Dr.Strangelove:
You’re wasting a bit of cooling capacity in that you might not want your condensed steam to be much below 100 C, but you don’t have good control over this (though you can adjust the length of radiant pipe). And you also don’t have good control over the temperature of your chilled water–you might be overcooling it if you just need 30 C water and not 5 C, say. But as a first draft this sounds fine. You can always build more advanced setups later :).
I read this and thought it sounded familiar. I went back to one of my old threads and found this in response to a question about how to improve GPU efficiency:
Only clock the chip as high as you need to. For instance, suppose you are locked to 60 Hz but the chip will render at 90 Hz flat-out. You then only need to clock the chip at 2/3 the level to hit your target.
Strongly related to this is: only use as much voltage as you need. Chips need more voltage as they are clocked higher, so if you can reduce the clocks, you can cut the voltage and hence the power.

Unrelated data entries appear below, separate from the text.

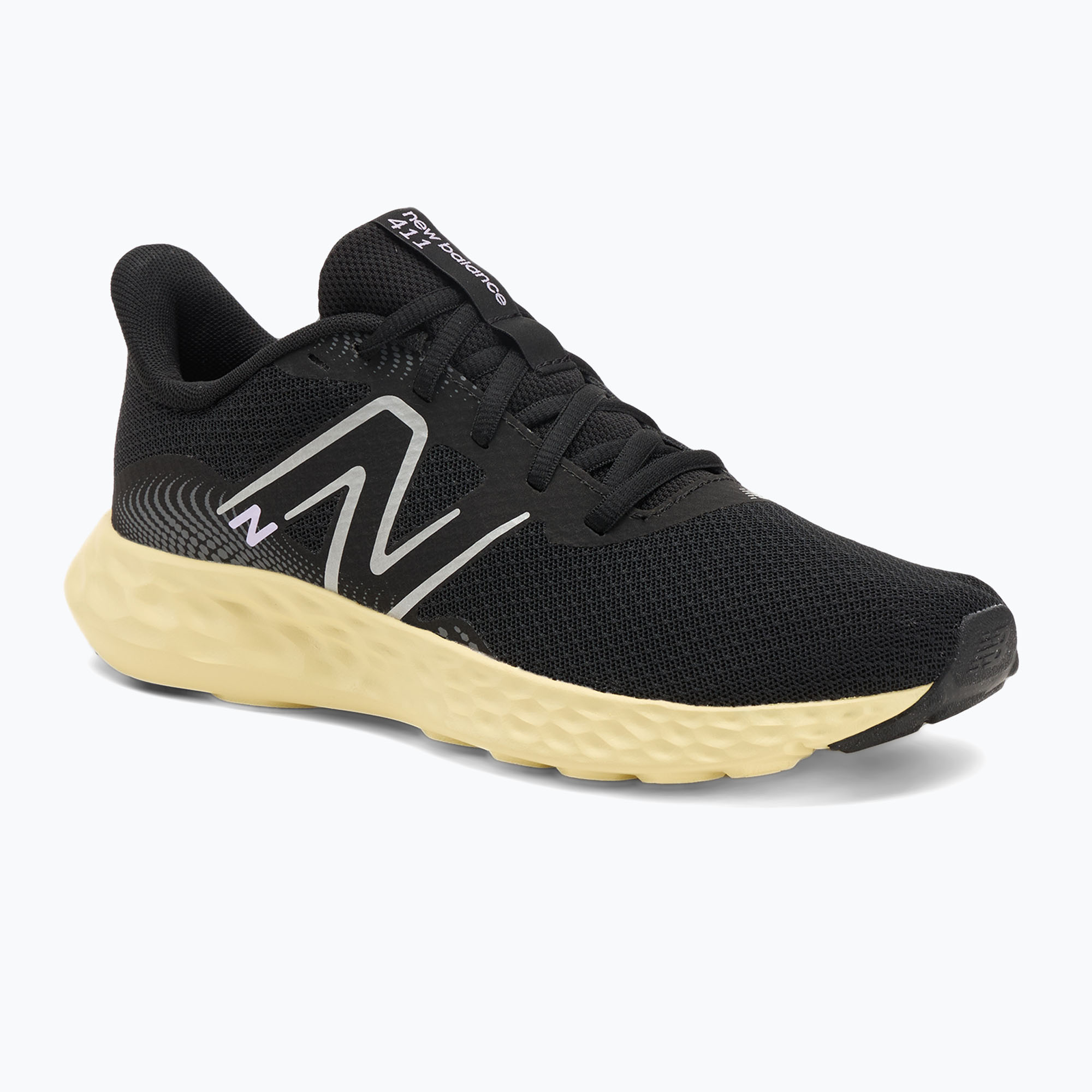 Buty do biegania damskie New Balance Fresh Foam 411's V3 black 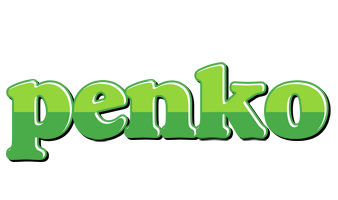 Penko apple logo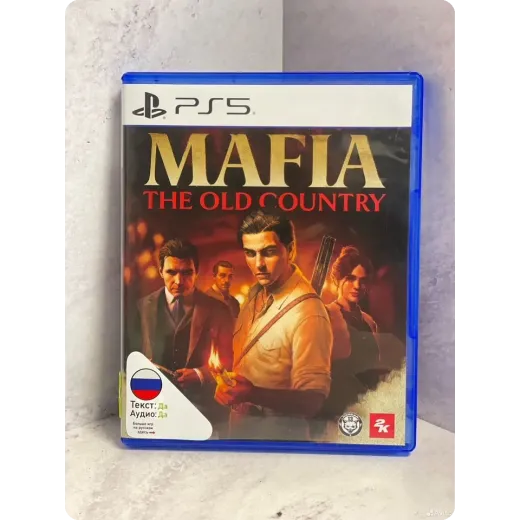 Mafia the old country ps5 (ppsa-14299)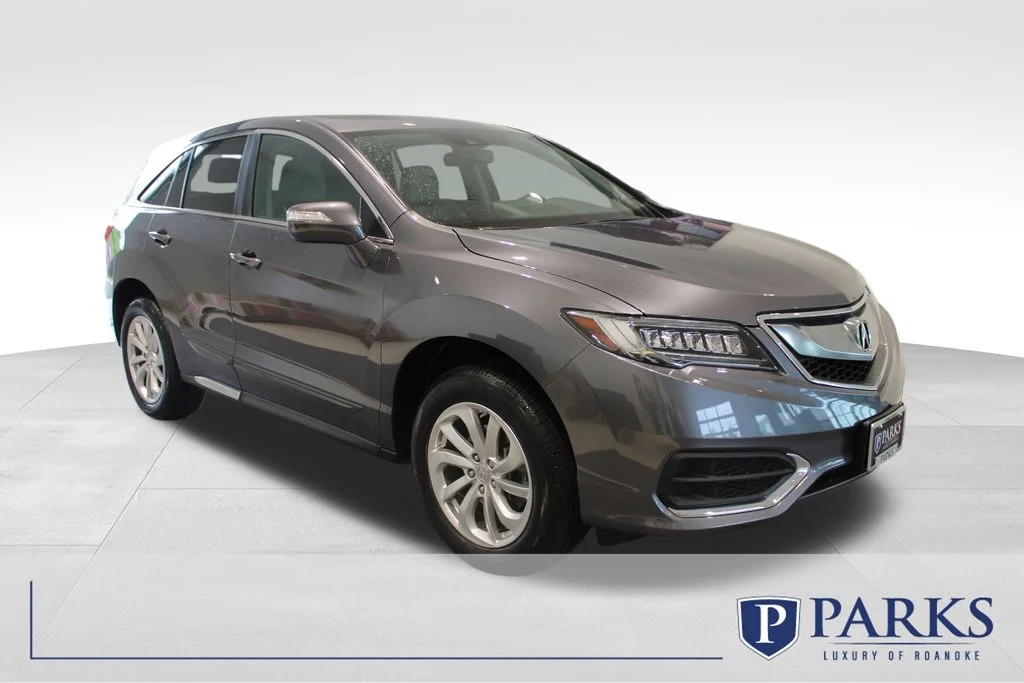 2017 Acura RDX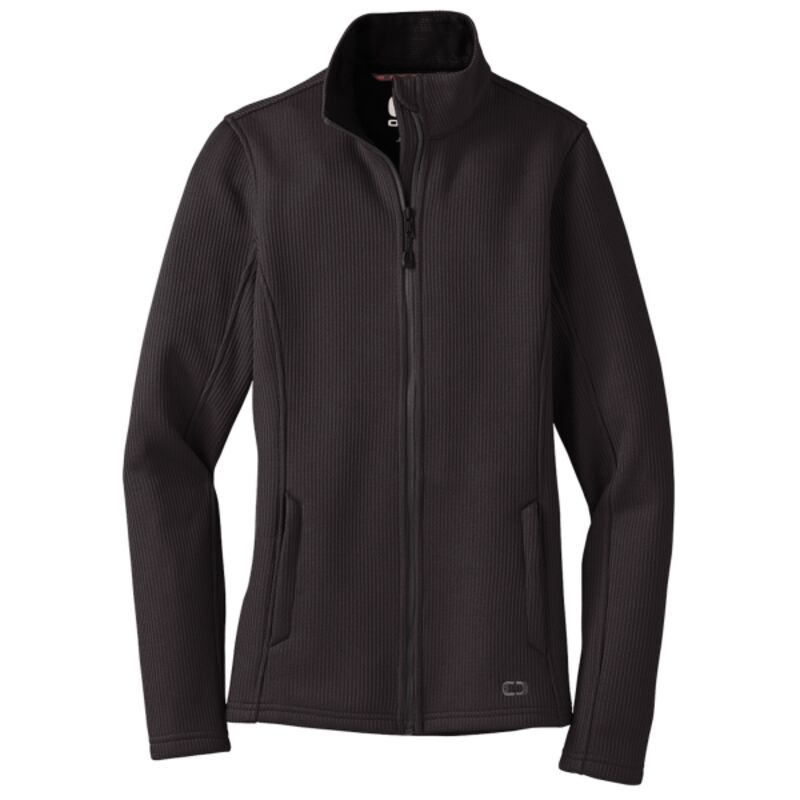 Women's Grit Fleece Jacket Thumbnail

Only clock the parts of the chip doing work. For instance, GPUs do both math ops and texture ops. But if you’re going math-heavy work, the texture units are idle. They should be unclocked, or–even better–powered off completely (this can be hard).
Just as a very general principle, don’t be wasteful in the work you do. Don’t use 32 bits when 16 bits is enough. Be smart about memory locality–better caches mean fewer memory transactions. Etc.